=== Begin Enclosure ===

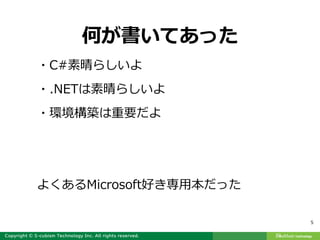 5
・C#素晴らしいよ
・.NETは素晴らしいよ
・環境構築は重要だよ
よくあるMicrosoft好き専用本だった
何が書いてあった
 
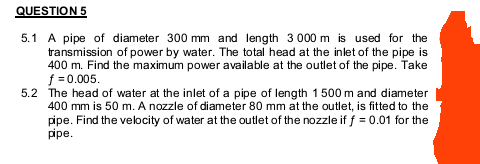 QUESTION 5
5.1 A pipe of diameter 300 mm and length 3 000 m is used for the
transmission of power by water. The total head at the inlet of the pipe is
400 m. Find the maximum power available at the outlet of the pipe. Take
f =0.005.
5.2 The head of water at the inlet of a pipe of length 1500 m and diameter
400 mm is 50 m. A nozzle of diameter 80 mm at the outlet, is fitted to the
pipe. Find the velocity of water at the outlet of the nozzle if f = 0.01 for the
pipe.
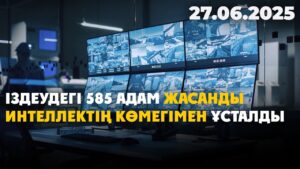Іздеудегі 585 адам жасанды интеллектің көмегімен ұсталды | 27.06.2025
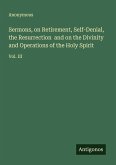 Sermons, on Retirement, Self-Denial, the Resurrection and on the Divinity and Operations of the Holy Spirit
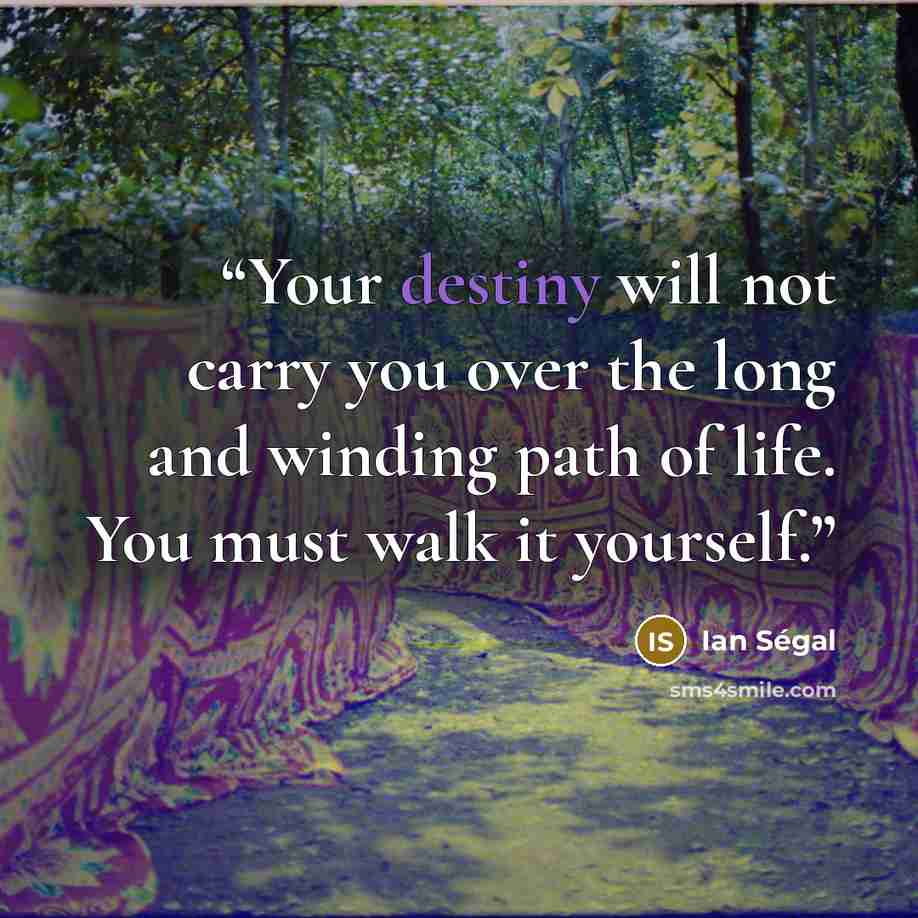 “Your destiny will not carry you over the long and winding path of life. You must walk it yourself.” quote by Ian Ségal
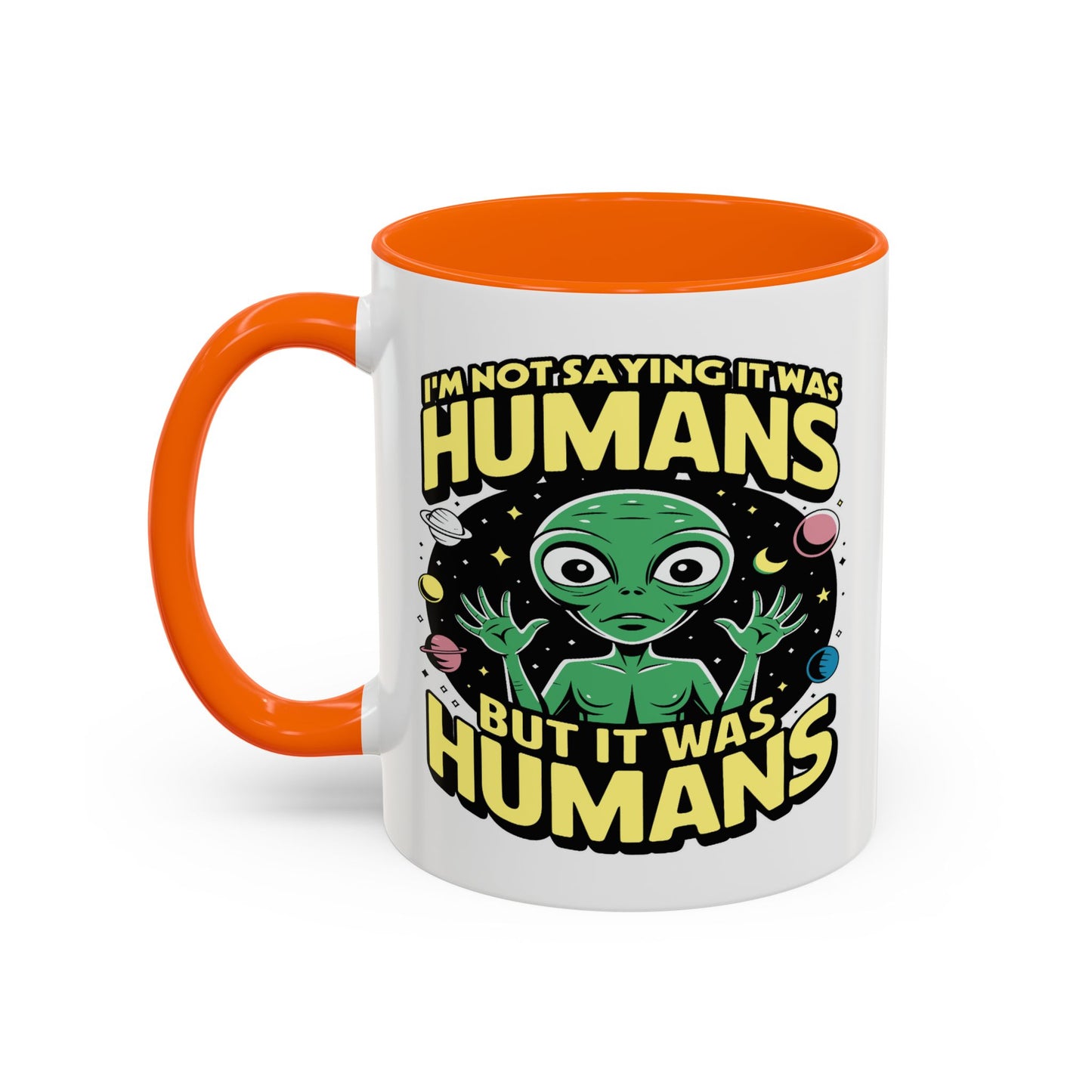 Alien Mug - I'm Not Saying
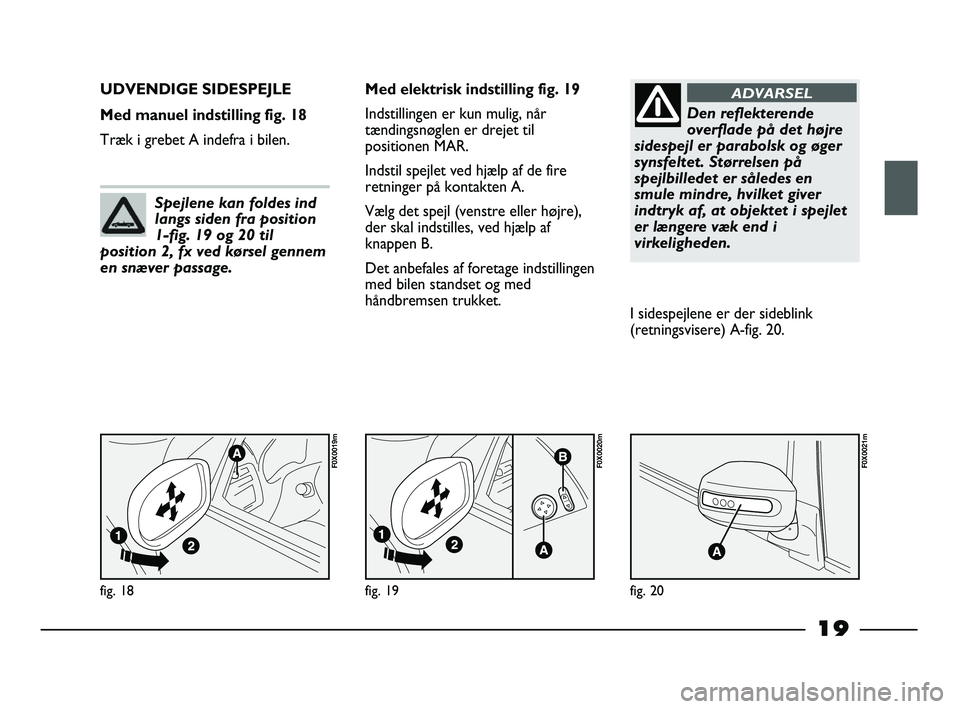 FIAT STRADA 2014 Brugs- og vedligeholdelsesvejledning (in Danish) 19
fig. 18
F0X0019m
UDVENDIGE SIDESPEJLE
Med manuel indstilling fig. 18
Træk i grebet A indefra i bilen.Med elektrisk indstilling fig. 19
Indstillingen er kun mulig, når
tændingsnøglen er drejet FIAT STRADA 2014 Brugs- og vedligeholdelsesvejledning (in Danish) 19
fig. 18
F0X0019m
UDVENDIGE SIDESPEJLE
Med manuel indstilling fig. 18
Træk i grebet A indefra i bilen.Med elektrisk indstilling fig. 19
Indstillingen er kun mulig, når
tændingsnøglen er drejet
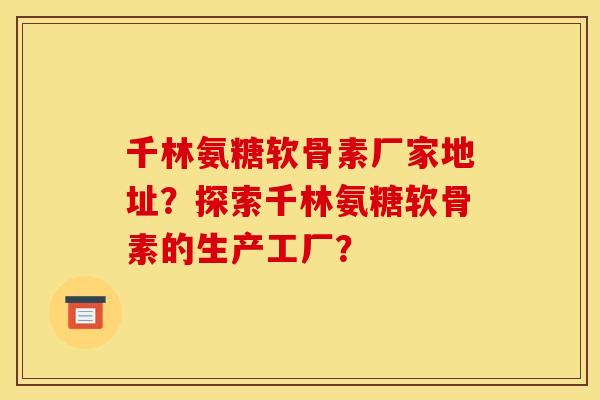 千林氨糖软骨素厂家地址？探索千林氨糖软骨素的生产工厂？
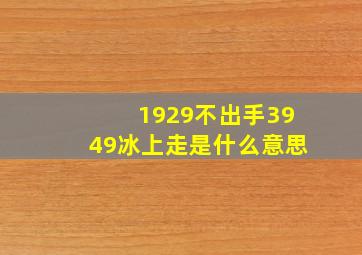 1929不出手3949冰上走是什么意思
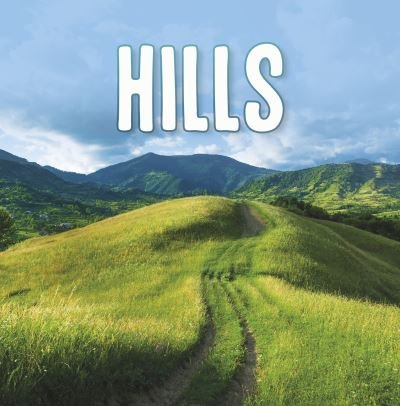 Cover for Lisa J. Amstutz · Hills - Earth's Landforms (Paperback Book) (2021)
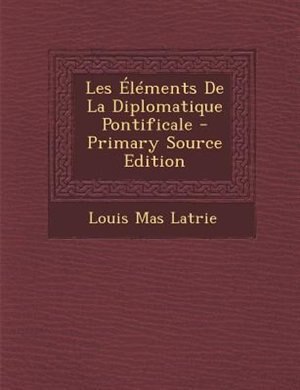 Les +lTments De La Diplomatique Pontificale - Primary Source Edition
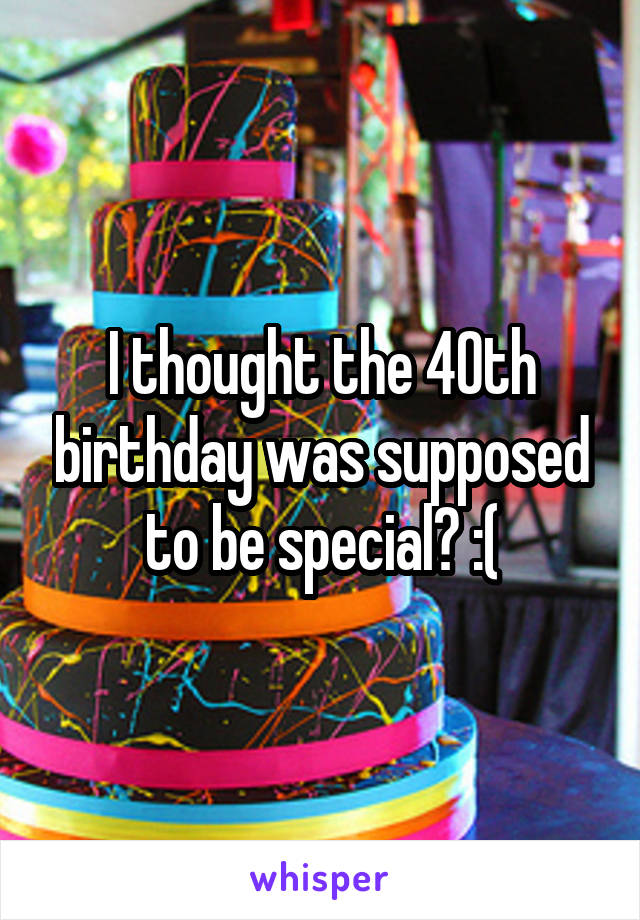 I thought the 40th birthday was supposed to be special? :(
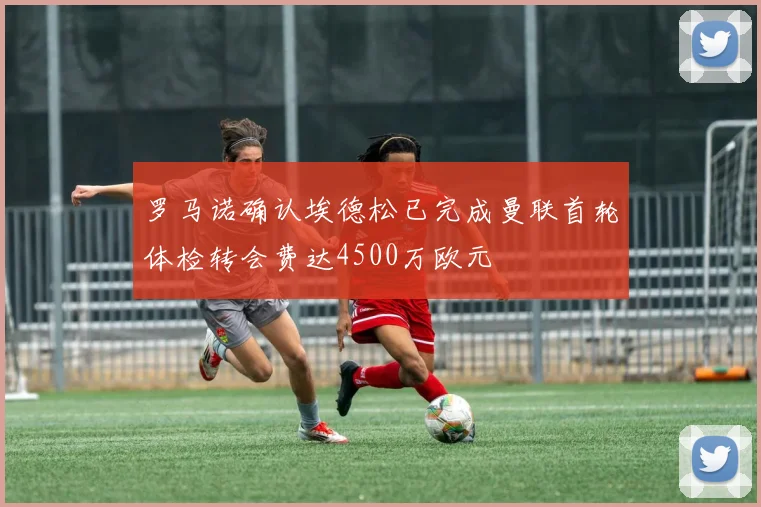 罗马诺确认埃德松已完成曼联首轮体检转会费达4500万欧元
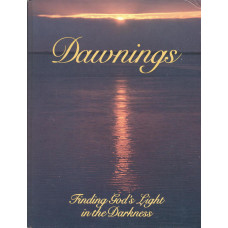 Dawnings
Finding God´s Light
in the Darkness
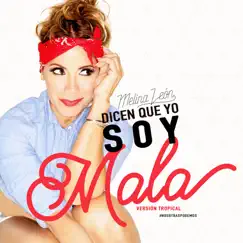 Dicen Que Yo Soy Mala (Versión Tropical) Song Lyrics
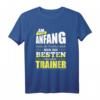 Lustiges Trainer T-Shirt - Geschenkidee für Sport-Lehrer, Coach & Trainer in verschiedenen Sportarten mit witzigem Aufdruck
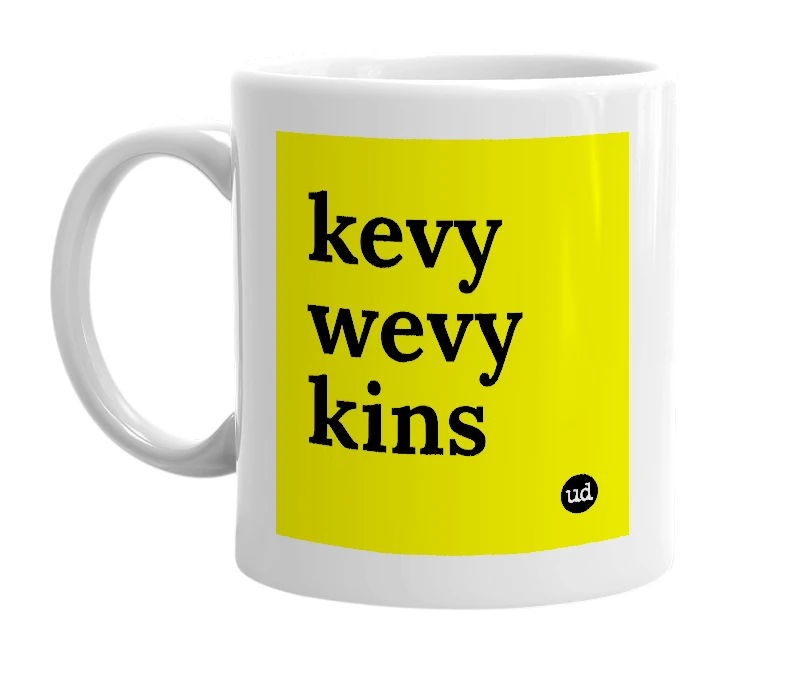 White mug with 'kevy wevy kins' in bold black letters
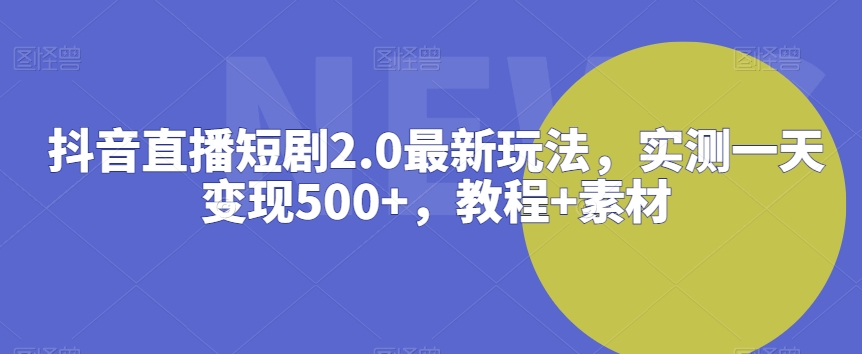 抖音直播短剧2.0最新玩法,实测一天变现500+,教程+素材【揭秘】插图 抖音直播短剧2.0最新玩法,实测一天变现500+,教程+素材【揭秘】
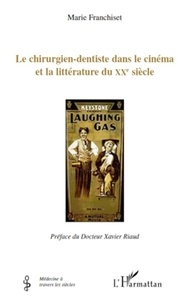 Marie Franchiset - Le chirurgien-dentiste dans le cinéma et la littérature du XXe siècle.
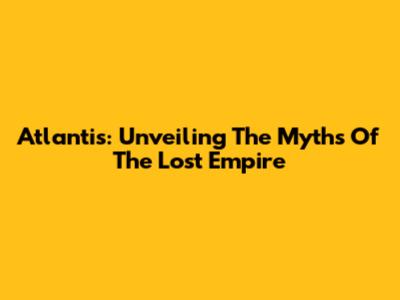 Atlantis: Unveiling The Myths Of The Lost Empire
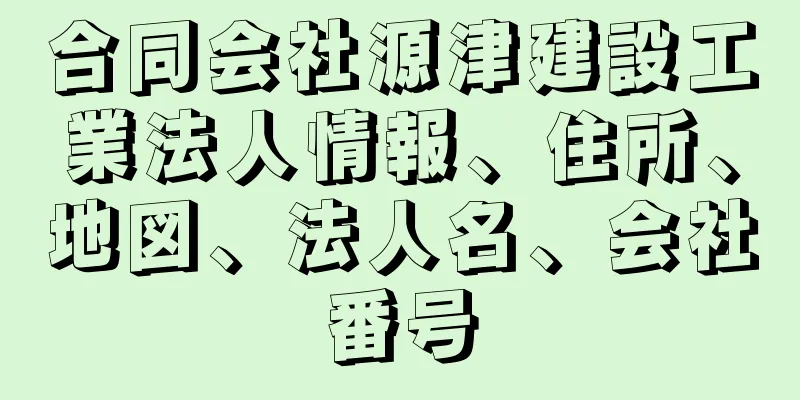 合同会社源津建設工業法人情報、住所、地図、法人名、会社番号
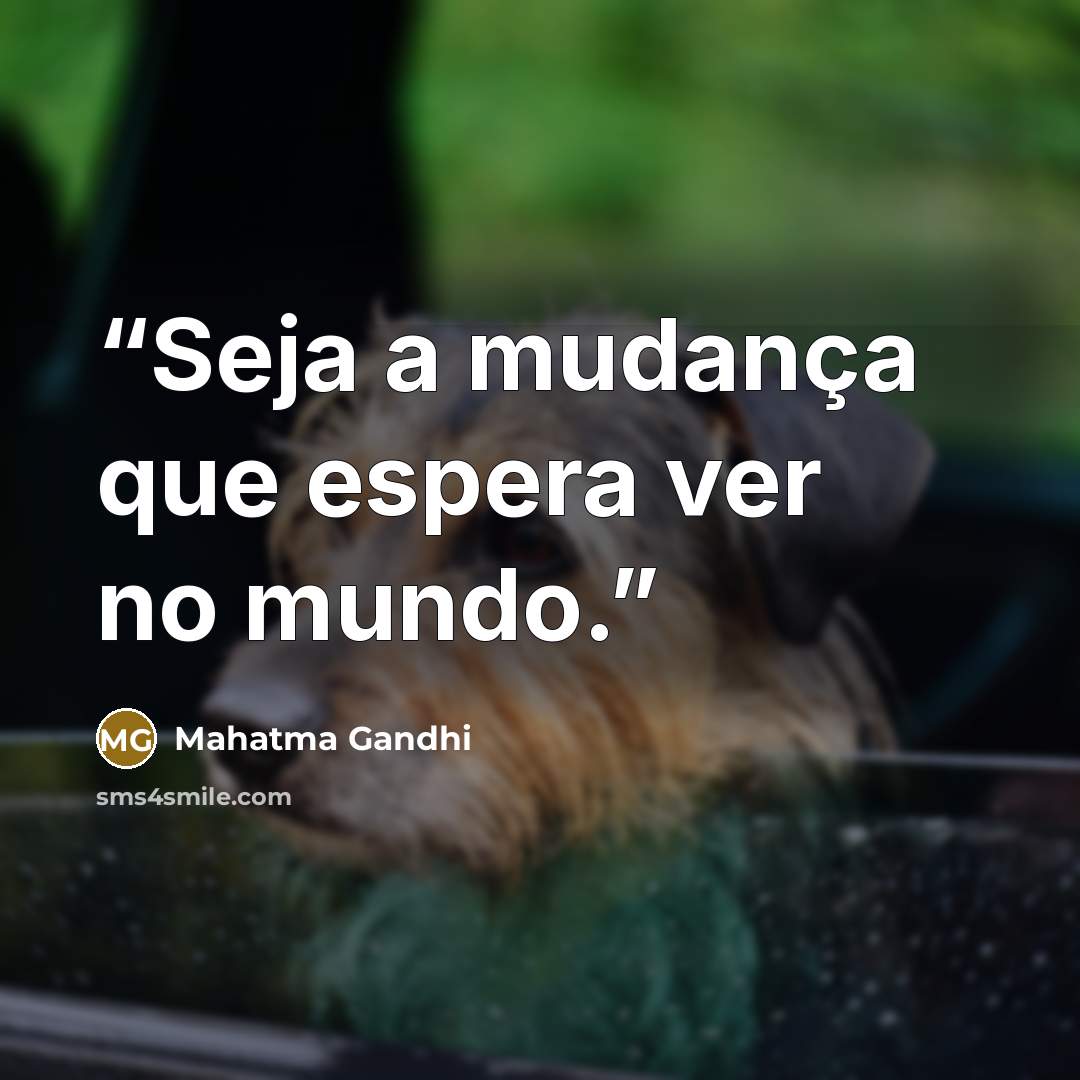 “Seja a mudança que espera ver no mundo.” quote by Mahatma Gandhi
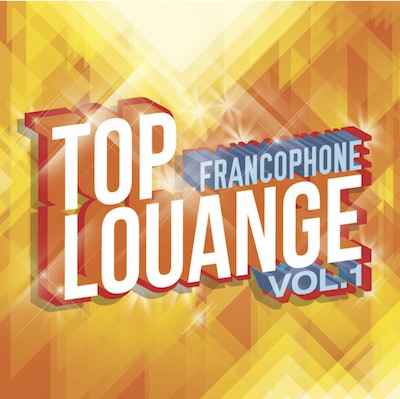 TOP LOUANGE FRANCOPHONE VOL.1 [MP3 2014]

=== End Enclosure ===

EXERCISE DIRECTIONS: Within the material above, only the stretch from the line holding "400 m. Find" through the line holding "合同会社源津建設工業法人情報、住所、地図、法人名、会社番号" is to be restated exactly. Pictures are dropped.

SOLVED EXERCISE:
400 m. Find the maximum power available at the outlet of the pipe. Take
f =0.005.
5.2 The head of water at the inlet of a pipe of length 1500 m and diameter
400 mm is 50 m. A nozzle of diameter 80 mm at the outlet, is fitted to the
pipe. Find the velocity of water at the outlet of the nozzle if f = 0.01 for the
pipe.
Іздеудегі 585 адам жасанды интеллектің көмегімен ұсталды | 27.06.2025
 Sermons, on Retirement, Self-Denial, the Resurrection and on the Divinity and Operations of the Holy Spirit
 “Your destiny will not carry you over the long and winding path of life. You must walk it yourself.” quote by Ian Ségal
 Alien Mug - I'm Not Saying
 FIAT STRADA 2014 Brugs- og vedligeholdelsesvejledning (in Danish) 19
fig. 18
F0X0019m
UDVENDIGE SIDESPEJLE
Med manuel indstilling fig. 18
Træk i grebet A indefra i bilen.Med elektrisk indstilling fig. 19
Indstillingen er kun mulig, når
tændingsnøglen er drejet FIAT STRADA 2014 Brugs- og vedligeholdelsesvejledning (in Danish) 19
fig. 18
F0X0019m
UDVENDIGE SIDESPEJLE
Med manuel indstilling fig. 18
Træk i grebet A indefra i bilen.Med elektrisk indstilling fig. 19
Indstillingen er kun mulig, når
tændingsnøglen er drejet
 千林氨糖软骨素厂家地址？探索千林氨糖软骨素的生产工厂？
 1929不出手3949冰上走是什么意思
 Cover for Lisa J. Amstutz · Hills - Earth's Landforms (Paperback Book) (2021)
 Les +lTments De La Diplomatique Pontificale - Primary Source Edition
 I thought the 40th birthday was supposed to be special? :(
 罗马诺确认埃德松已完成曼联首轮体检转会费达4500万欧元
 Dawnings
Finding God´s Light
in the Darkness
 Dicen Que Yo Soy Mala (Versión Tropical) Song Lyrics
 Lustiges Trainer T-Shirt - Geschenkidee für Sport-Lehrer, Coach & Trainer in verschiedenen Sportarten mit witzigem Aufdruck
 White mug with 'kevy wevy kins' in bold black letters
 抖音直播短剧2.0最新玩法,实测一天变现500+,教程+素材【揭秘】插图 抖音直播短剧2.0最新玩法,实测一天变现500+,教程+素材【揭秘】
 Marie Franchiset - Le chirurgien-dentiste dans le cinéma et la littérature du XXe siècle.
 Atlantis: Unveiling The Myths Of The Lost Empire
 合同会社源津建設工業法人情報、住所、地図、法人名、会社番号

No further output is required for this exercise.